When I graduated from college almost six years ago, the first thing I purchased was an ice cream maker… I mean why not, when you are going out into the world, newly educated and with really no clue about what your future holds, of course all you want/ need in life is an ice cream maker… Sadly in that six years, I think I can count on one had the number of times I have actually made ice cream. That first year I tried a pear avocado sorbet… which was pretty delicious, and the next year I made a strawberry and black pepper sorbet. Also great. I went on an olive oil ice cream kick a few years later, and made a few batches here and there, and this summer I use some of my fresh picked Marion Berries for a batch of ice cream
. At least all of my attempts have been successful, and delicious, even if they have been few and far between (and let’s face it, its probably for the best that I’m not making ice cream every week).
This summer I was reminded that the ice cream maker isn’t just for ice cream, and I had a lot of fun making blended mixed drinks. Rum and diet coke, vodka lemonade etc etc… super delicious spin on the adult beverage.
Tonight I decided to make gelato… and it is good. Damn good…. I’m not really sure what possessed me to make gelato on the 1st day of February… its not exactly the most seasonal of desserts, but I stumbled across the recipe about a month ago, and its been lingering in the”I should make that sometime” part of my brain.

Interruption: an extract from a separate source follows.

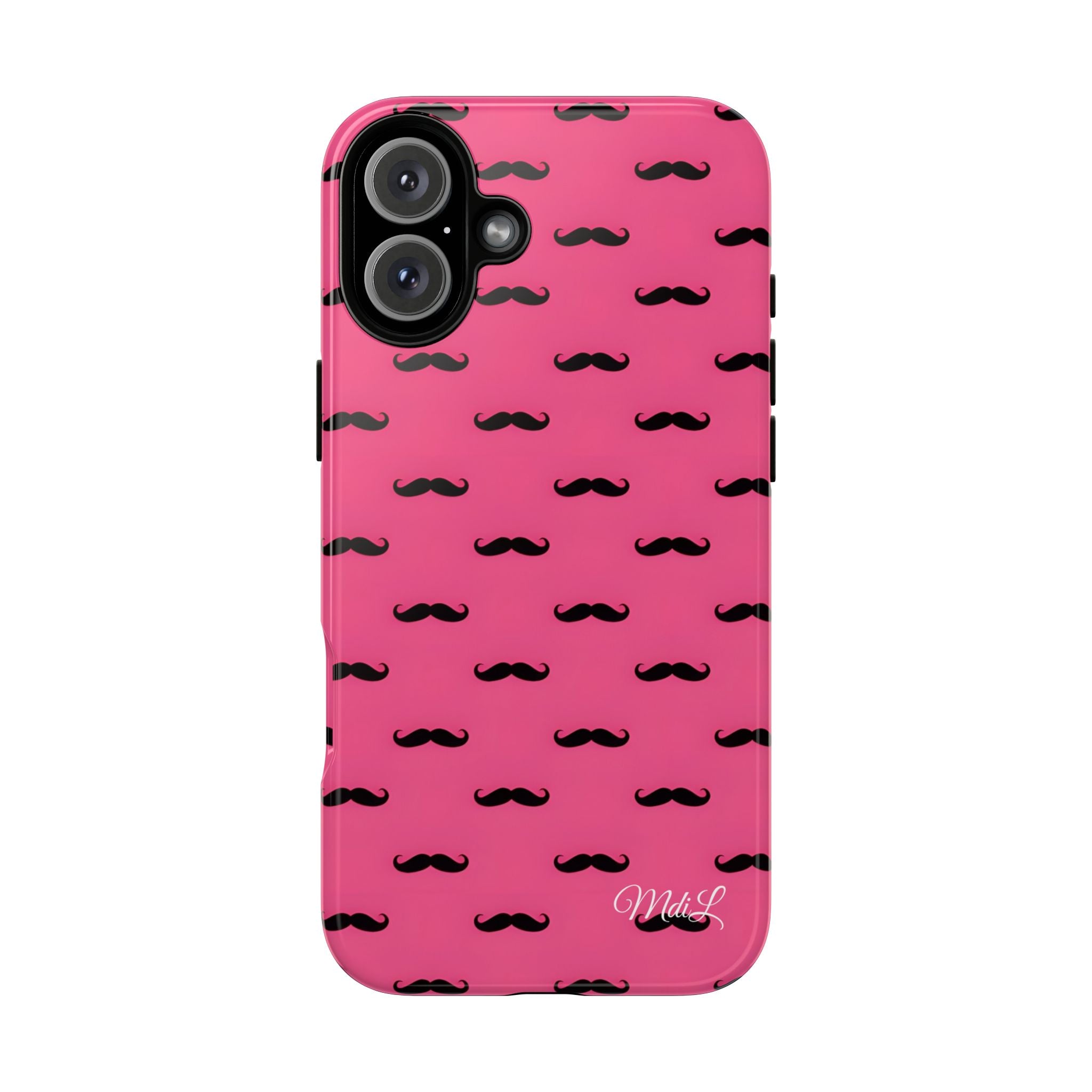 Pink Moustache iPhone Case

A couple of friends and I have started a dinner group under the premise that each month one of us has to make a dish we’ve never made before. Of course we are all busy people, and so we have an understanding that some months it might very well be ” I was too tired to make something new, but I will take you all to the taco truck down the street, and we can all order something we’ve never ordered before.” Tomorrow night is our first gathering, I volunteered to host, since unemployment has granted me a bit of free time, and also my parents are out of town for the weekend, so they have donated their kitchen (and their hot tub) to the cause. God bless supportive parents who live a mile and a half away… Anyway, I’m going to be making a sausage/apple/pear dish
I read about a few weeks ago on The Splendid Table
, but I also remembered how delightful that gelato sounded, so I went back through my mental files, and pulled out the the recipe.
One thing I love about making ice cream/ gelato is that it is crazy, stupid easy, and almost always delicious. I had no doubt this recipe would be amazing, I mean really anything with two cups of mascarpone cheese can’t be bad, right? I was also excited because the Meyer lemons growing on my back patio were very nearly ripe, so I decided to add a little bit of flair to the recipe.
On a side note, this is the third Meyer Lemon tree I’ve attempted to grow. The first one, Liz Lemon, lived happily in my loft apartment, and I had at least 20 lemons… I made lemon curd
… lots of lemon curd. It. Was. Epic. Until she got spider mites… things quickly went down hill after that.I got Liz Lemon Jr. a year later, and things went well until the winter happened, and I didn’t feel like bringing the tree inside and outside all the time, so I made an attempt to wrap it in towels to protect it from the freezing weather… It didn’t work… Technically the tree is still alive, but it aborted all the fruit and I’m pretty sure it has reverted back to the dragon tree it was grafted onto… The tree itself is thriving… but I’m 99.9% sure it is no longer a lemon tree… at the very least, it hasn’t bloomed or produced fruit in a good long while.
Perhaps the third time is the charm, at least that is what I’m telling myself with the little lemon tree I fondly call Simon. I figured it was time to try again since I actually have a covered porch that stays relatively warm, and a garage with a south facing window… which is ideal for those few days every winter when you actually need to bring the lemon trees inside. So far so good! And I picked a lovely looking lemon this afternoon to put into my gelato.
Since I am quite proud of said lemon, I decided it was only fair to add a bit more lemon zest and lemon juice to the recipe. Considering that I found the recipe itself on the Culture Magazine
facebook page, I’m pretty sure the cheese was supposed to be the star, but I decided it couldn’t hurt to add a bit more lemon. I slaved over this tree, I toted it in and out of the garage countless times… you better believe I wanted to use every last bit of zest and juice that little guy could give me. The original recipe
called for 1 tsp lemon zest and 1/2 teaspoon fresh lemon juice. I used the zest from the entire lemon, and all the juice (about 4 tsps… it was a pretty small lemon)
The recipe also called for kosher salt, but I used Jacobsen Sea Salt
… a local favorite.
To add a little pizazz to the final dish I candied some additional lemon zest along with some English Thyme to add to the top, along with some crushed pistachios…. Sweet Jesus… it is good. Really Really good. The mascarpone adds this amazing creaminess to it, and I must say, the lemon is just the right amount, not overpowering or underwhelming.